Sin embargo, precisamente porque se trata de un delito tan grave, conviene hacer una pregunta incómoda: ¿qué convierte jurídicamente una muerte en feminicidio? La respuesta no es que la víctima sea mujer. Tampoco que el presunto responsable sea hombre. La legislación exige acreditar razones de género. Es decir, demostrar que la privación de la vida ocurrió en un contexto en el que la condición de mujer de la víctima fue determinante.
El caso de Dafne vuelve a colocar esa pregunta sobre la mesa. La Fiscalía decidió investigarlo como feminicidio. Será un juez, tal vez una jueza, quien determine si esa clasificación jurídica permanece o si los elementos probatorios conducen a otra conclusión.
Pero conforme avanzó la investigación apareció un dato que sorprendió a muchos: entre las personas sujetas a proceso no solo figura el director de la academia militarizada. También aparecen mujeres presuntamente involucradas en los hechos.
Y entonces surge una pregunta que pocos parecen querer formular. Si una mujer puede participar en un feminicidio —y jurídicamente sí puede hacerlo—, ¿por qué buena parte de la opinión pública sigue asociando automáticamente ese delito con un hombre?
Tal vez porque durante años el debate se simplificó hasta reducirlo a una confrontación entre hombres agresores y mujeres víctimas. La realidad, sin embargo, suele ser más compleja que los eslóganes.
La ley no dice que únicamente los hombres puedan cometer feminicidio. La ley tampoco afirma que toda mujer asesinada sea necesariamente víctima de feminicidio. La ley exige pruebas.

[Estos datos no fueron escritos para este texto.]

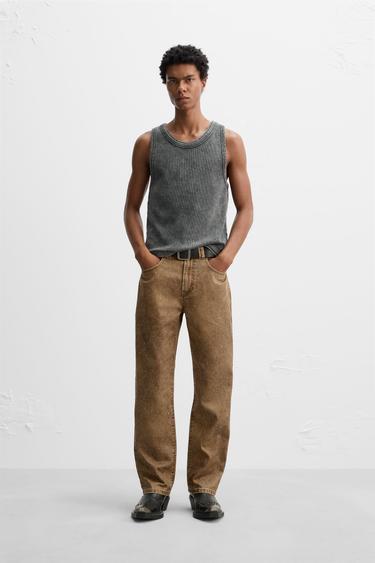 LIMITED EDITION WAXED-EFFECT JEANS - Light brown by Zara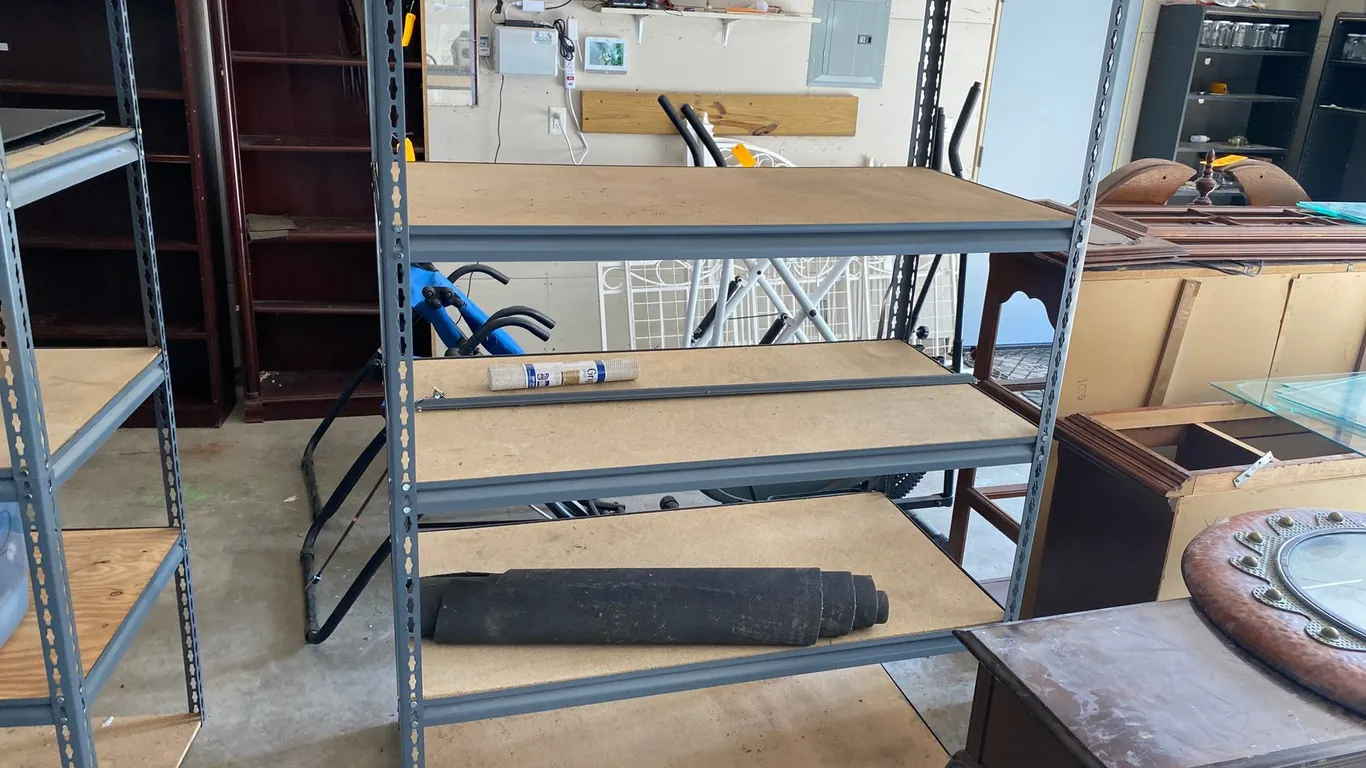 Metal Rack and Contents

Aquí aparece otra reflexión: ¿es necesario que una mujer sea asesinada por otra mujer para que la opinión pública descubra que también existen mujeres capaces de cometer feminicidio? Si la respuesta fuera afirmativa, estaríamos frente a una visión profundamente incompleta de la naturaleza humana.
Porque el mal no pertenece a un sexo. Pertenece al ser humano. Pensar que únicamente los hombres son capaces de ejercer violencia extrema contra una mujer no solo contradice la legislación vigente, sino también la experiencia histórica y los propios expedientes judiciales.
Eso no disminuye la gravedad de la violencia contra las mujeres. Lo que hace es recordar que la justicia no puede construirse sobre estereotipos. La verdadera igualdad exige medir a todos con la misma vara.
Por eso la pregunta correcta no es si el presunto responsable es hombre o mujer. La pregunta correcta es otra: ¿qué pruebas tiene la Fiscalía para sostener que Dafne fue privada de la vida por razones de género y no como consecuencia de un sistema de disciplina violenta?
Ese es el debate que merece la sociedad. Porque si convertimos el tipo penal en una etiqueta automática, se dejan de investigar las causas reales de los hechos. Eso nunca fortalece la justicia. La debilita.
Y si para reconocer que también existen mujeres feminicidas era necesario que otra mujer muriera a manos, presuntamente, de una de ellas, entonces el problema no está únicamente en la violencia. También está en la manera selectiva en que decidimos mirarla. Ahí, el meollo del asunto.
Fuera del meollo
Hablar de que hay igualdad ante la ley o en las prácticas de gobierno es difícil no solo de creer, sino de confiar en las autoridades. Cuando en una competencia por becas a cargo de la SEP, al haber empate entre niños y niñas, el criterio de desempate es que sea niña a la que le regalen el gane. Así el meollo de ese asunto.